Dirjen Minerba Diperiksa KPK, Ada Apa?

id Dirjen Minerba Diperiksa KPK, KPK, Bambang Gatot Ariyono, Yuyuk Andriati

Dirjen Minerba Diperiksa KPK, Ada Apa?

ILUSTRASI (ANTARA FOTO/Hafidz Mubarak A)

Jakarta (Antara Kalteng) - Komisi Pemberantasan Korupsi memeriksa Dirjen Minerba Kementerian ESDM Bambang Gatot Ariyono dalam penyidikan dugaan perkara tindak pidana korupsi penyalahgunaan wewenang Gubernur Sulawesi Tenggara dalam persetujuan penerbitan izin usaha pertambangan (IUP) di wilayah Sultra periode 2008-2014.

"Bambang (Direktur Jenderal Mineral dan Batu bara Kementerian Energi dan Sumber Daya Mineral) diperiksa untuk tersangka NA (Nur Alam)," kata pelaksana tugas (Plt) Kabiro Humas KPK Yuyuk Andriati di Jakarta, Jumat.

Bambang datang ke KPK sekitar pukul 10.00 WIB, namun tidak berkomentar mengenai pemeriksaannya tersebut. Selain Bambang, KPK juga memeriksa karyawan PT Billy Indonesia, Suharto Martosuroyo.

Tersangka dalam kasus ini adalah Gubernur Sultra Nur Alam.

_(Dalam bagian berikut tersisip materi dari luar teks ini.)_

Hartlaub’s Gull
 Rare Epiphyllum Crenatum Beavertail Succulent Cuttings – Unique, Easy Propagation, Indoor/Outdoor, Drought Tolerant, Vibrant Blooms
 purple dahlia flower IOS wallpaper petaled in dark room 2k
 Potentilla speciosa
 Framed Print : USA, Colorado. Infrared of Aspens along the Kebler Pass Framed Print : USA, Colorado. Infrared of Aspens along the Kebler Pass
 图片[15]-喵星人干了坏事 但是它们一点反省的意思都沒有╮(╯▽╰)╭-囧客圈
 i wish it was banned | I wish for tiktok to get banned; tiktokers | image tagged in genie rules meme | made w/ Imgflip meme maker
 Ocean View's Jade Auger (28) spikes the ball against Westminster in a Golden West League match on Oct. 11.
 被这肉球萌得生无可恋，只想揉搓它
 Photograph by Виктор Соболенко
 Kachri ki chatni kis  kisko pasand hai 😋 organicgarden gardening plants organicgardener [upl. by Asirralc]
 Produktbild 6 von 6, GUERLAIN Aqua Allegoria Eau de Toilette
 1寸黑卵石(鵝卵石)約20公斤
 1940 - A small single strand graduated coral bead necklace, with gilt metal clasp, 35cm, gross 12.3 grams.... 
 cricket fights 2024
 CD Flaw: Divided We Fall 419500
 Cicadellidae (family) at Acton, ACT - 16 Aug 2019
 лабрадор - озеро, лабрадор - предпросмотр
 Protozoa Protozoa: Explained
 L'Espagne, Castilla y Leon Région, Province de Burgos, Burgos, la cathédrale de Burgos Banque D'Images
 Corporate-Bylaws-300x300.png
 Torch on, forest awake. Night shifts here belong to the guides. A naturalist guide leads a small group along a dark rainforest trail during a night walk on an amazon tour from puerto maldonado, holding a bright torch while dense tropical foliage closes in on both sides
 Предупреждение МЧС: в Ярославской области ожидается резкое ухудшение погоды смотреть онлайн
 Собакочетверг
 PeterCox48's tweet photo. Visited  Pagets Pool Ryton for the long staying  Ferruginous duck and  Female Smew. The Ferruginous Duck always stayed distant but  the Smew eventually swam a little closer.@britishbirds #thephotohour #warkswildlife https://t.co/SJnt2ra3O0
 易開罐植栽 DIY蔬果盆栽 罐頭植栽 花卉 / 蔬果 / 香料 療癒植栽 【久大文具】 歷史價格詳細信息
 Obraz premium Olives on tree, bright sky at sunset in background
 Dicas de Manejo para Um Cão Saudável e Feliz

KPK sudah mengirim surat permintaan cegah terhadap Nur Alam, Kepala Dinas ESDM Sultra Burhanuddin, Direktur PT Billy Indonesia Widdi Aswindi dan pemilik PT Billy Indonesia Emi Sukiati Lasimon.

Nur Alam diduga melakukan perbuatan melawan hukum dan menyalahgunakan wewenang untuk memperkaya diri sendiri atau orang lain atau korporasi dengan mengeluarkan Surat Keputusan Persetujuan Pencadangan Wilayah Pertambangan Eksplorasi, SK Persetujuan Izin Usaha Pertambangan Eksplorasi dan SK Persetujuan Peningkatan Izin Usaha Pertambangan Ekslorasi menjadi Izin Usaha Pertambangan Operasi Produksi kepada PT Anugerah Harisma Barakah selaku perusahaan yang melakukan penambangan nikel di kabupaten Buton dan Bombana Sulawesi Tenggara.

Ia disangkakan pasal 2 ayat 1 atau pasal 3 UU No. 31 tahun 1999 sebagaimana diubah dengan UU No. 20 tahun 2001 tentang Pemberantasan Tindak Pidana Korupsi jo pasal 55 ayat 1 ke-1 KUHP.

Pasal tersebut mengatur tentang orang yang melanggar hukum, menyalahgunakan kewenangan, kesempatan atau sarana yang ada padanya jabatan atau kedudukan sehingga dapat merugikan keuangan dan perekonomian negara dan memperkaya diri sendiri, orang lain atau korporasi dengan ancaman pidana penjara maksimal 20 tahun denda paling banyak Rp1 miliar.

Dalam Laporan Hasil Pemeriksaan Pusat Pelaporan dan Analisis Transaksi Keuangan (PPATK) 2013, Nur Alam diduga menerima aliran dana sebesar 4,5 juta dolar AS atau setara dengan Rp50 miliar dari Richcorp Internasional yang dikirim ke bank di Hong Kong dan sebagian di antaranya ditempatkan pada tiga polis AXA Mandiri.

Richcorp, melalui PT Realluck International Ltd (saham Richcop 50 persen), merupakan pembeli tambang dari PT Billy Indonesia.